La travailleuse de rang relève de l’organisme Au cœur des familles agricoles (ACFA) qui apporte la formation, l’administration et la gestion. L’OBNL, explique le directeur général, René Beauregard, existe depuis 2003. Il a pour objectif d’aider les agriculteurs. L’ACFA, ajoute-t-il, se positionne comme aide et référence en milieu agricole et fournit un soutien qui varie selon l’urgence de la demande. L’organisme vise à créer des conditions propices à une meilleure qualité de vie pour les agriculteurs. Il est axé sur la cellule familiale. Présentement, l’ACFA compte 5 travailleurs de rang sous son aile et travaille avec deux autres en partenariat.

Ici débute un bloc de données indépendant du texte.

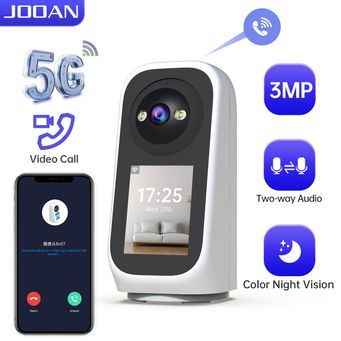 Video Surveillance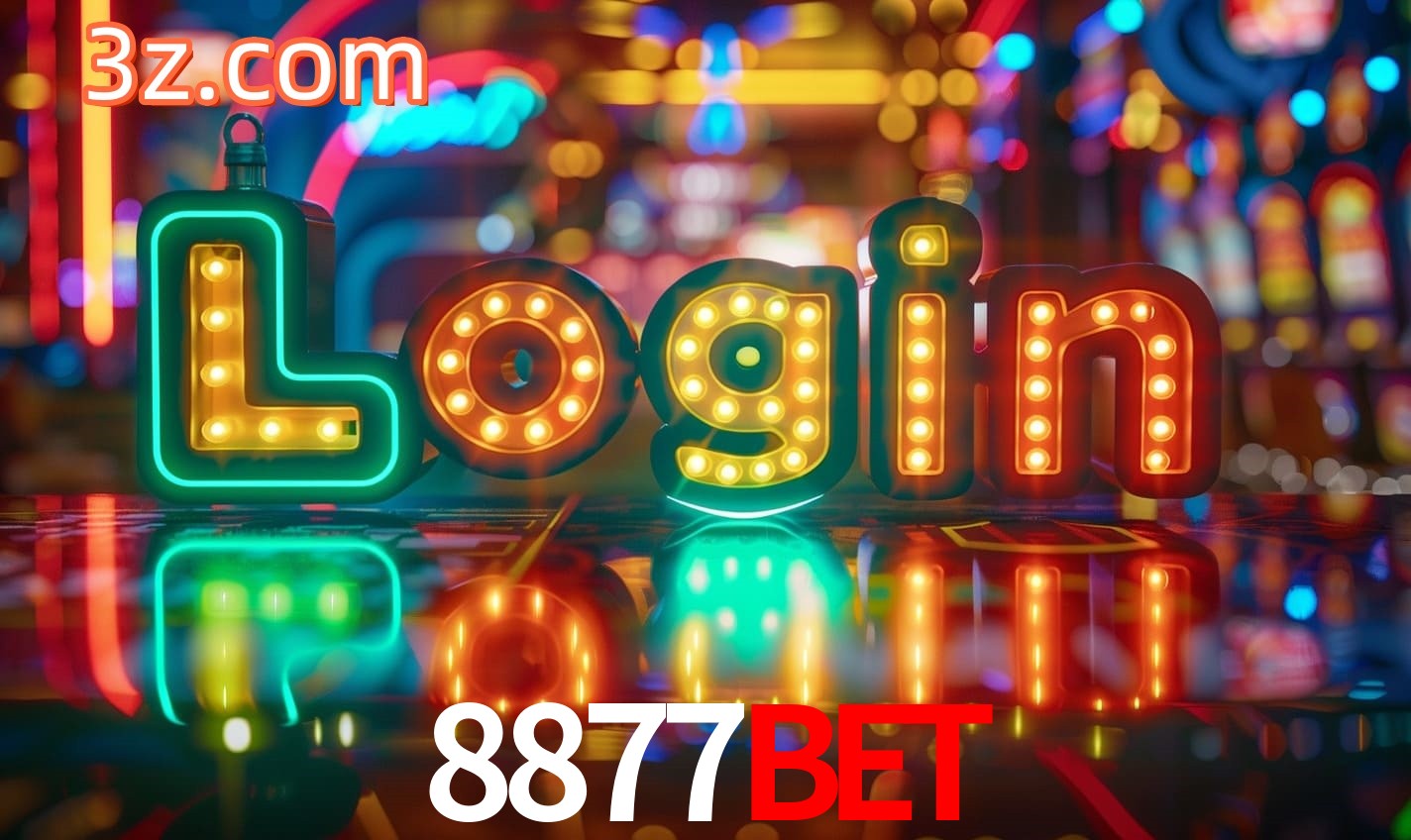 Mundo dos Jogos Cassino 8877Bet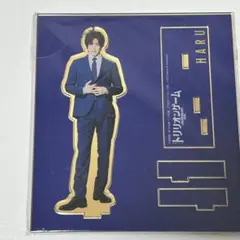 【値下】トリリオンゲーム 目黒蓮 アクリルスタンド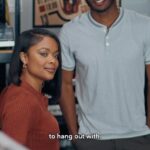 da'Vinchi Instagram - It’s officially that time! #StrengthOfAWoman is on your 📺 now only on Lifetime.🖤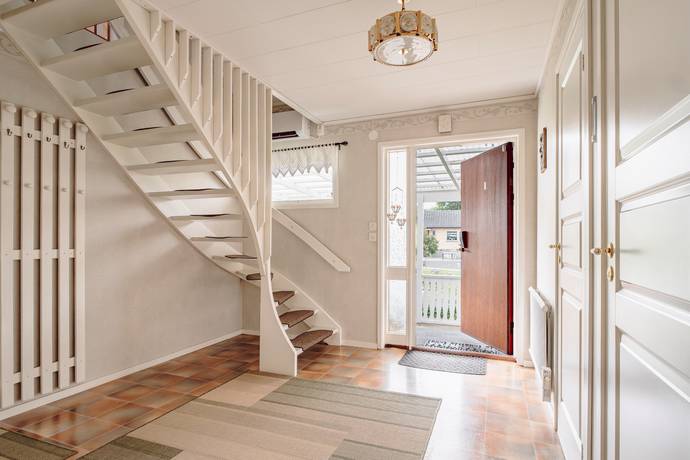 5 rum Villa på Centrumvägen 9 Dannike Borås kommun - bild 18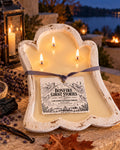 Limited Edition Fall Vessel Candles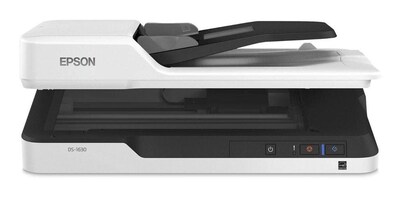 Foto 6 | Escáner De Documentos Epson Ds-1630 25 Ppm Con Controladores Twain E Isis - Venta Internacional.
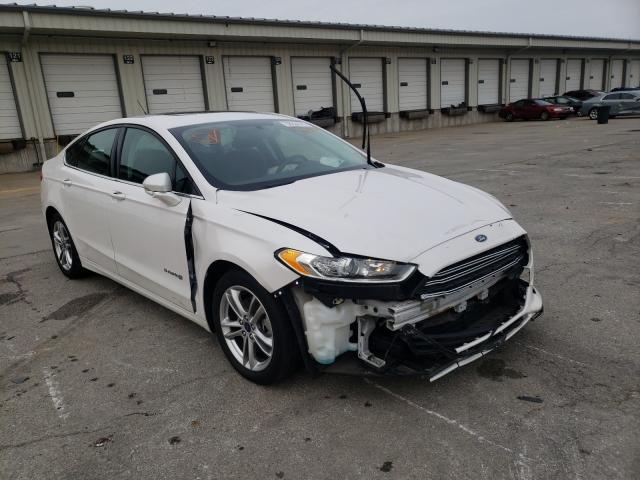 FORD FUSION SE 2016 3fa6p0lu4gr300550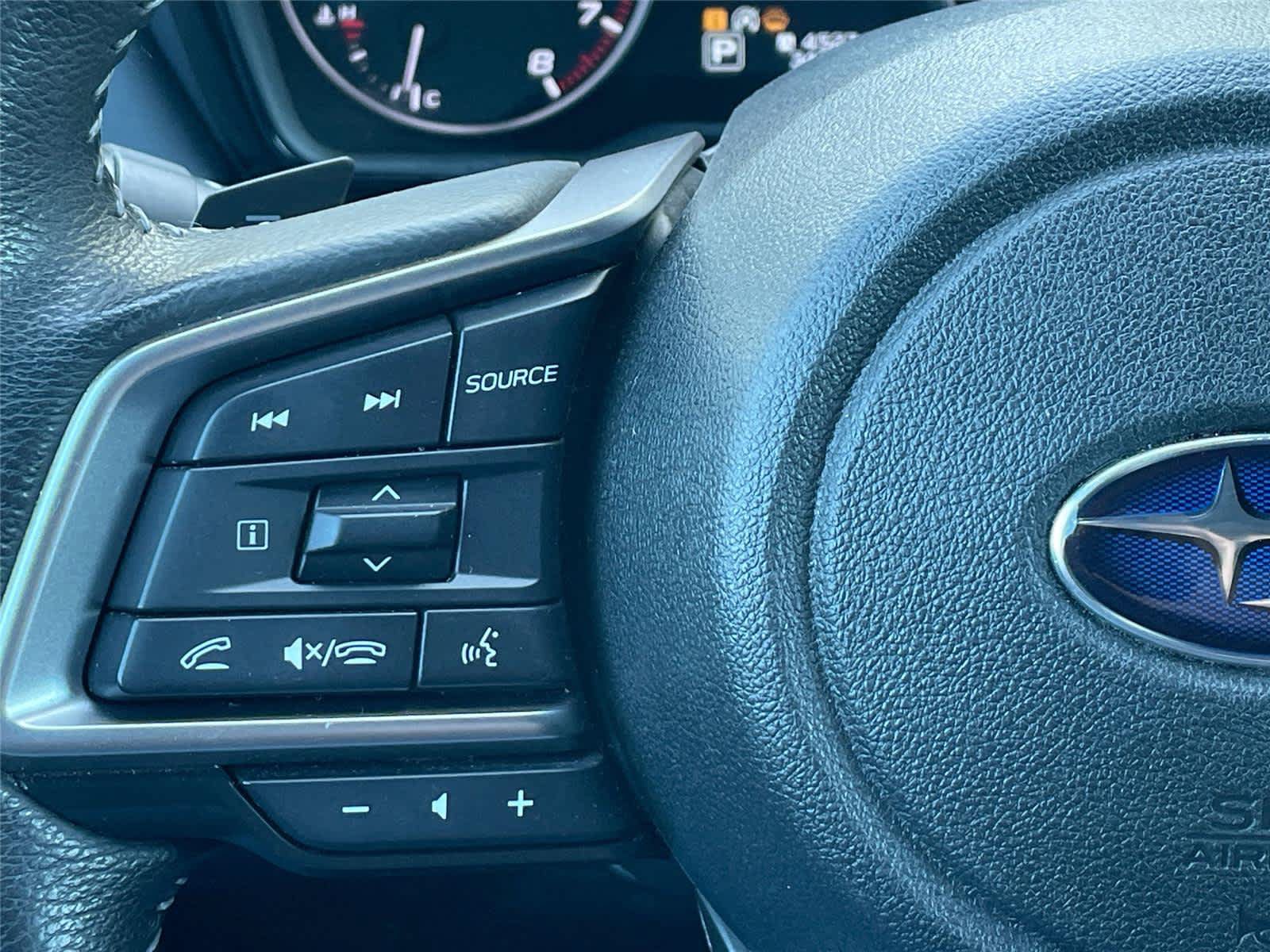 Certified 2023 Subaru Outback Premium AWD/4WD image 22
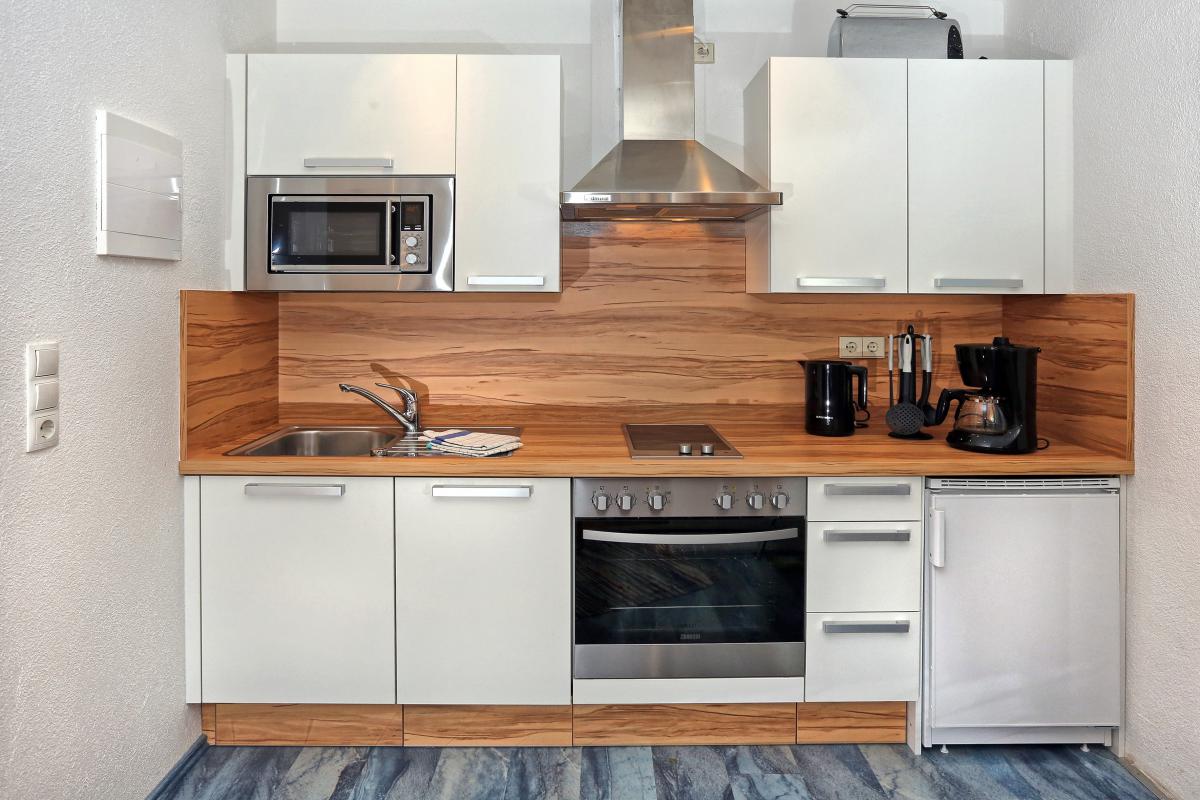 Appartement Ferienwohnung Imst
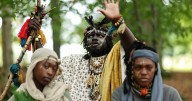 African tribe banned from moving back to private land they were evicted from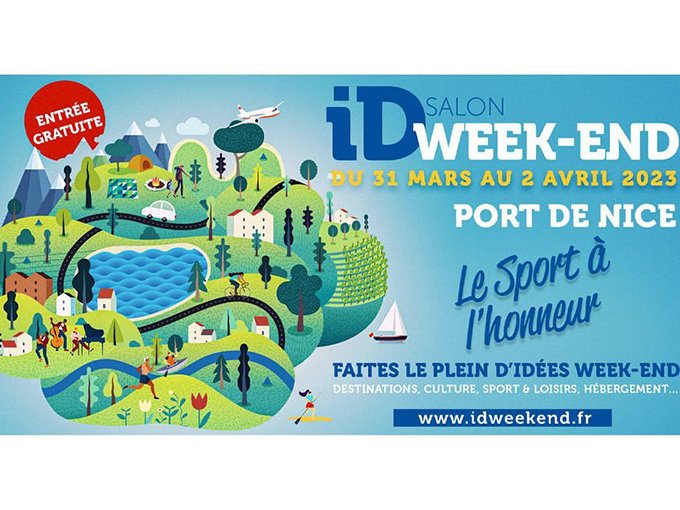 ID Week-end à Nice : (…)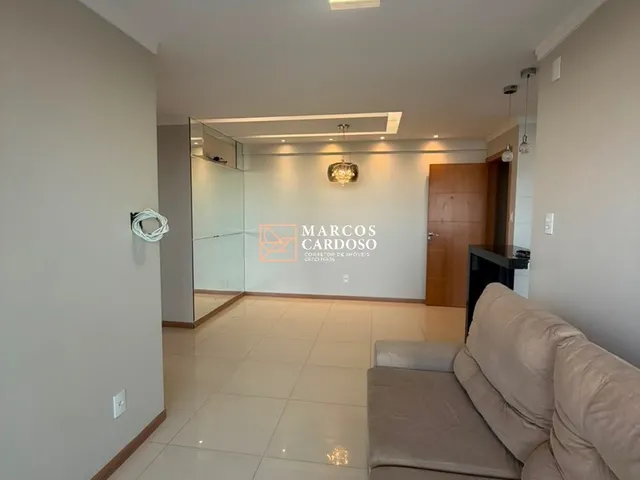 Imagem 2: Ed. Modena Residence, 84m , 3 quartos sendo 1 suíte, 2 vagas, Pedreira Belém PA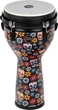 Джембе MEINL Jumbo Series Day of the Dead Djembe 10" JD10DA - изображение 1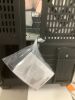 FOIFKIN F600 PC Case - Pre-Installed 7 PWM ARGB Fan, ATX Mid-Tower Gaming PC Case, 270&deg; Panoramic Glass with Type-C, FOIFKIN (Black, F600) - 2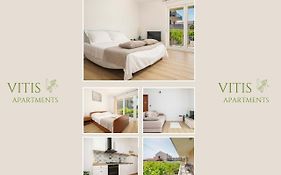 Apartments Vitis - City Centre - Free Parking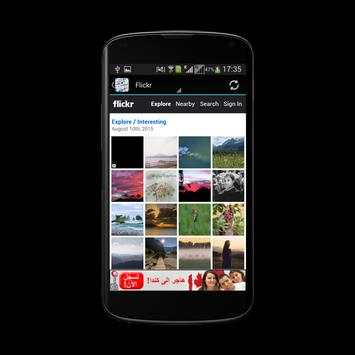 Top Social Media and Networks screenshot 1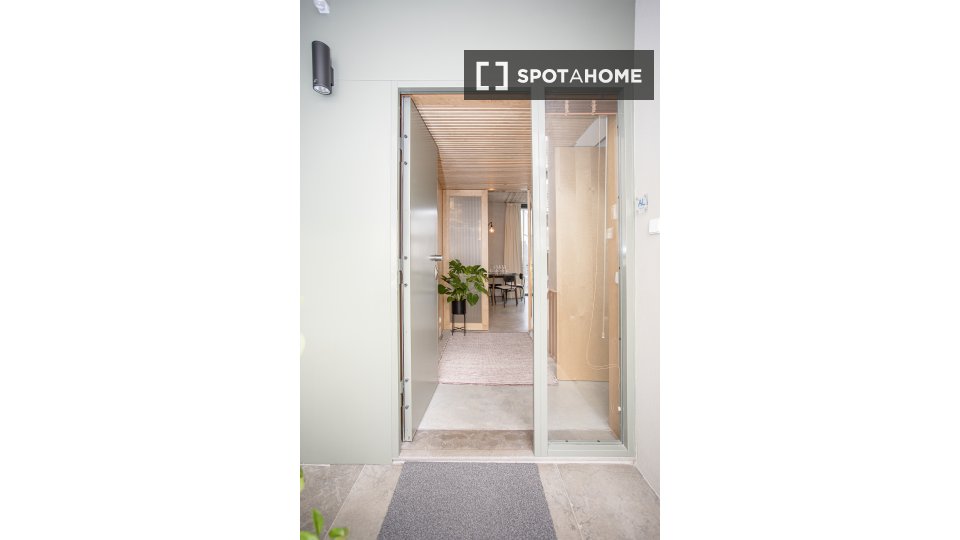 Apartment Porto, 1 bed, 45m² — photo 6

M.Beauregard mentionne que plus de 60 % de la clientèle sont des hommes et 70 % des interventions sont menées auprès des producteurs laitiers. Selon ce dernier, les problèmes rencontrés sont multifactoriels, mais ceux d’ordre financier constituent la goutte qui fait ressortir tous les problèmes refoulés. « Le producteur, il va demander de l’aide quand il est rendu au bout. Rendu là, il faut lui donner toute l’aide possible », de conclure M. Beauregard.